Prevention Strategies

User Education and Real-Time Coaching

Human behavior is often the deciding factor in whether a keylogger lands.

Modern phishing awareness should be:

• Real-time: Guidance delivered directly inside the inbox
• Contextual: Training that reflects real threats a user encounters
• Adaptive: Reinforced through short, targeted “micro-trainings”

IRONSCALES supports:

• Real-time warning banners powered by GenAI
• One-click “Report Phishing” buttons
• Targeted, role-specific phishing simulations

Automated Incident Response (AIR + SOAR Integrations)

Stopping keyloggers early requires rapid, consistent response.

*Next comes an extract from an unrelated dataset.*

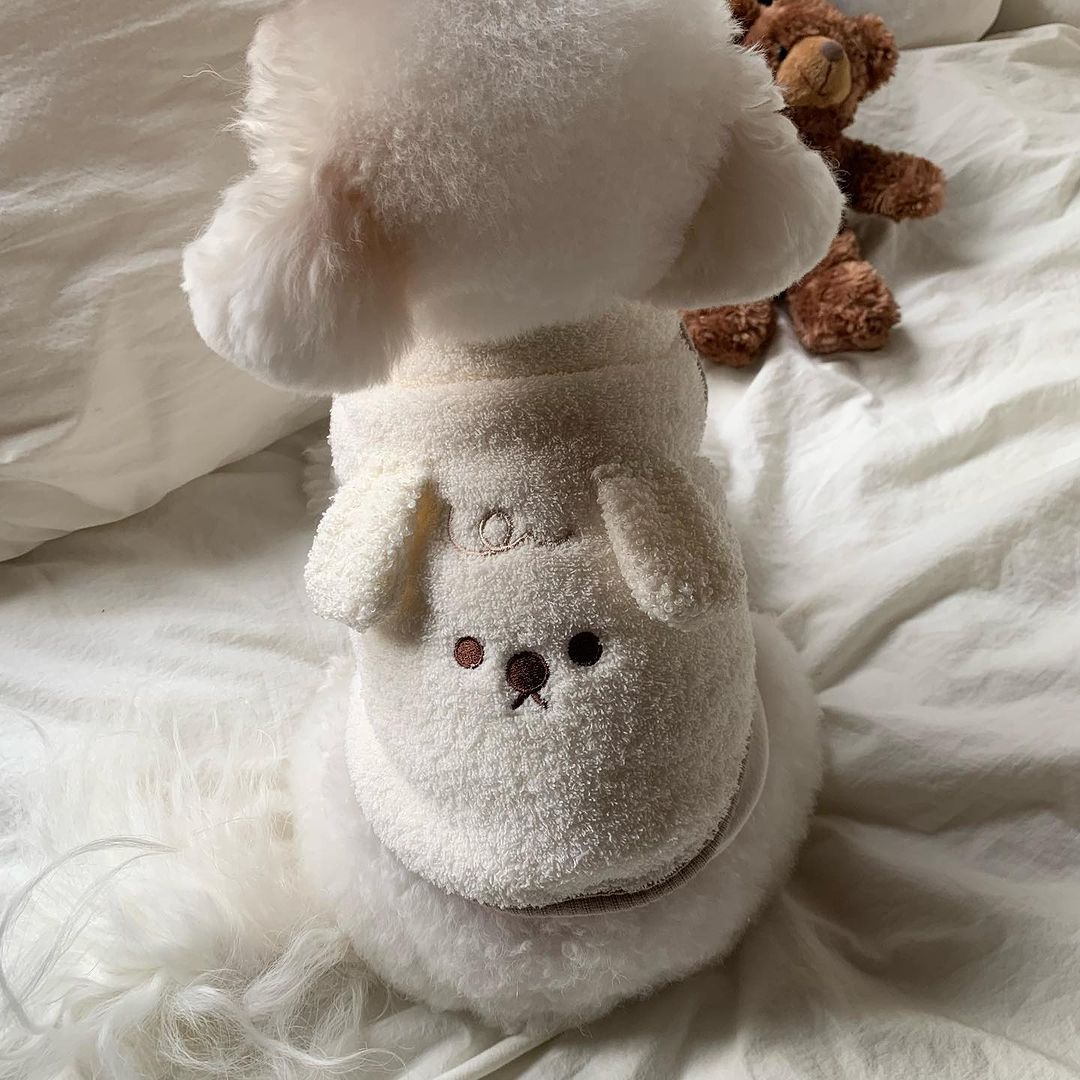 Cappottino Smanicato per Cani "Oliver" con Ricamo e Orecchie in Tessuto ✨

IRONSCALES Agentic AI Autonomous Remediation provides:

• Autonomous mailbox-level threat removal
• Post-delivery scanning and remediation
• Clustering to identify and remediate campaign-wide attacks
• Escalation workflows to SOC teams when human review is needed

Through integrations with SOAR, EDR, and XDR platforms (including CrowdStrike, SentinelOne, Microsoft Defender, and Cortex XSOAR), organizations can automate cross-system containment actions:

• Quarantine affected endpoints
• Suspend compromised accounts
• Block malicious domains, URLs, or IPs
• Trigger password resets and MFA re-enrollment

Credential Protection and Hardening

Even if keystrokes are captured, strong identity controls can limit what attackers can do.

Best practices:

• Enforce MFA or hardware-based FIDO2 security keys, especially for privileged accounts
• Use password managers to reduce manual credential entry
• Enable Windows Credential Guard on enterprise devices
• Regularly rotate passwords, particularly for admin and service accounts
• Use virtual keyboards for specific high-risk login workflows, where appropriate

Network Segmentation and Zero Trust

If a keylogger does compromise credentials, segmentation can limit the blast radius.

Implement:

• Least-privilege access controls
• Micro-segmentation of critical network zones
• Lateral movement detection and alerting
• Conditional access and re-authentication for sensitive operations
• Continuous logging and alerting on anomalous access patterns
  

A Zero Trust approach ensures that stolen credentials alone are not enough for an attacker to freely move across systems.

Summary

Defending against keyloggers requires coordination across:

• Advanced Email security (IRONSCALES Adaptive AI)
• Endpoint detection and response Endpoint detection and response (for example, CrowdStrike, Defender, SentinelOne)
• Identity and MFA-based protection
• User education and real-time coaching
• Automation and SOAR/XDR integrations
• Zero Trust and network segmentation

With this layered strategy, even if keystrokes are captured, attackers face significant barriers to using stolen credentials to infiltrate critical systems.